START Information shown

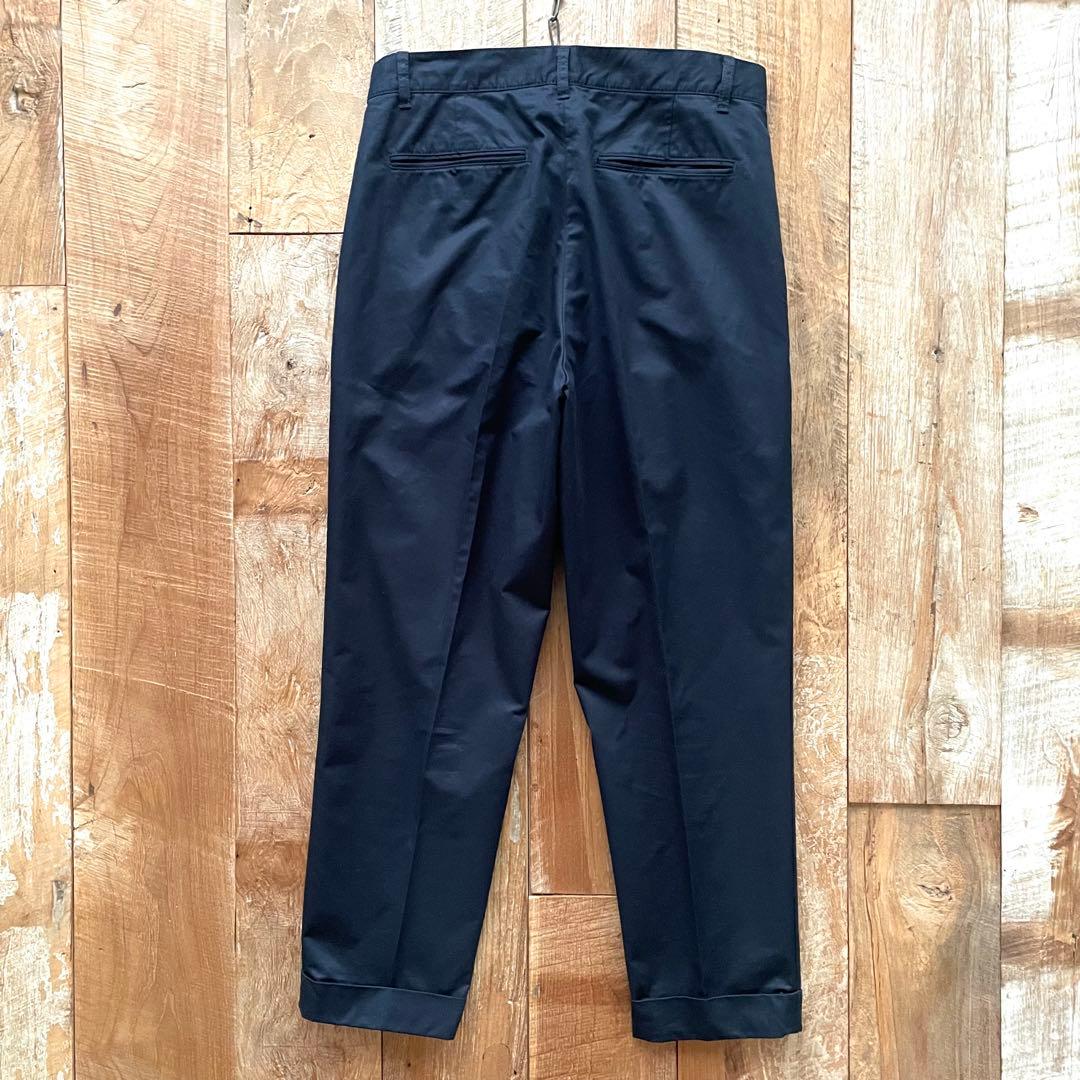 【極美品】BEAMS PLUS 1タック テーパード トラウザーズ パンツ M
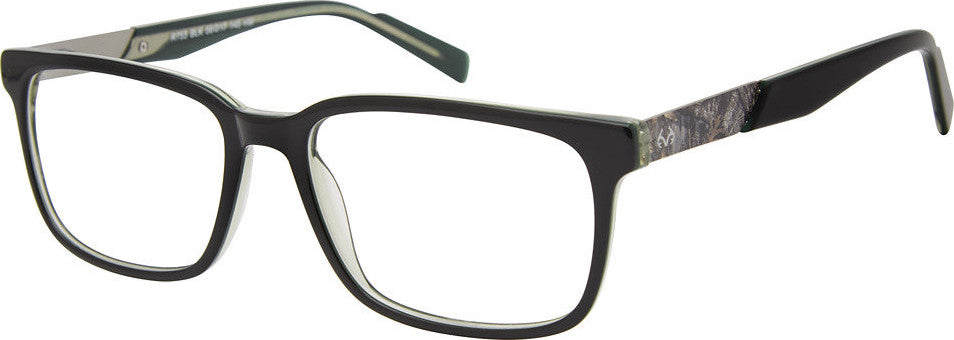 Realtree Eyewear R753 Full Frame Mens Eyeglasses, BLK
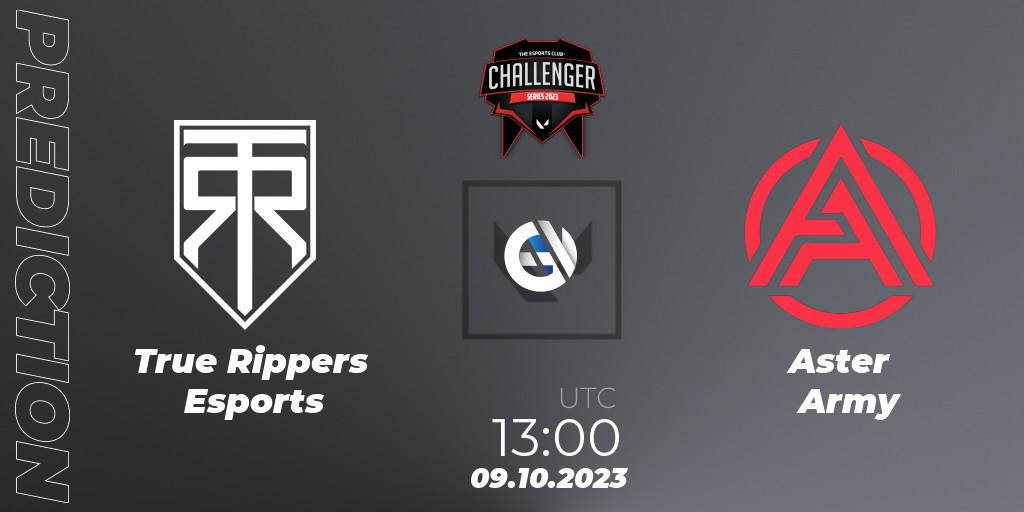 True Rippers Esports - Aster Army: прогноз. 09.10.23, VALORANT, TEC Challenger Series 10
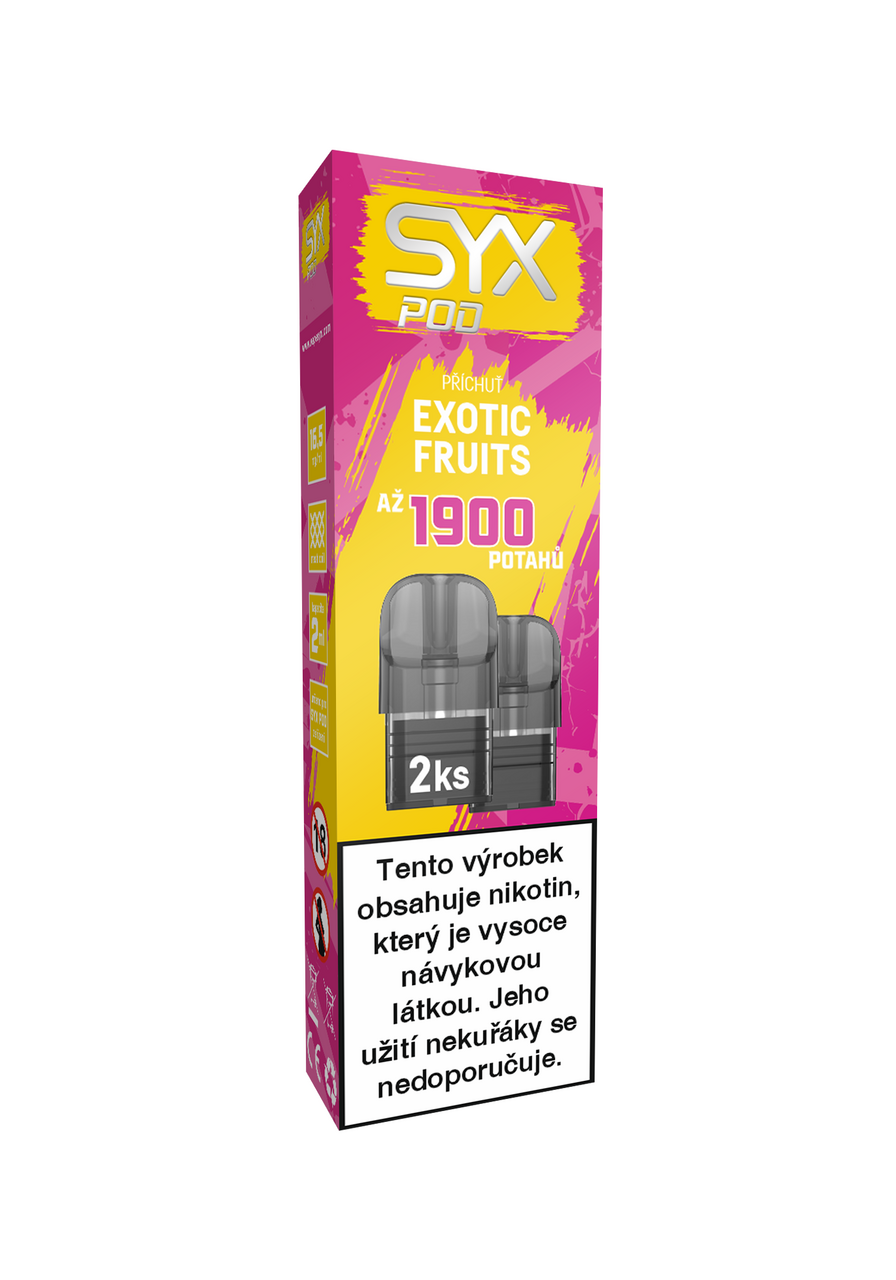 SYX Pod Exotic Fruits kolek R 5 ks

END Information shown

# About this task
Leave the pictures out, and please copy only the lines from the one with "Realtree Eyewear R753" through the end of the listing.

# Response box
 Realtree Eyewear R753 Full Frame Mens Eyeglasses, BLK
 True Rippers Esports - Aster Army: прогноз. 09.10.23, VALORANT, TEC Challenger Series 10
 SYX Pod Exotic Fruits kolek R 5 ks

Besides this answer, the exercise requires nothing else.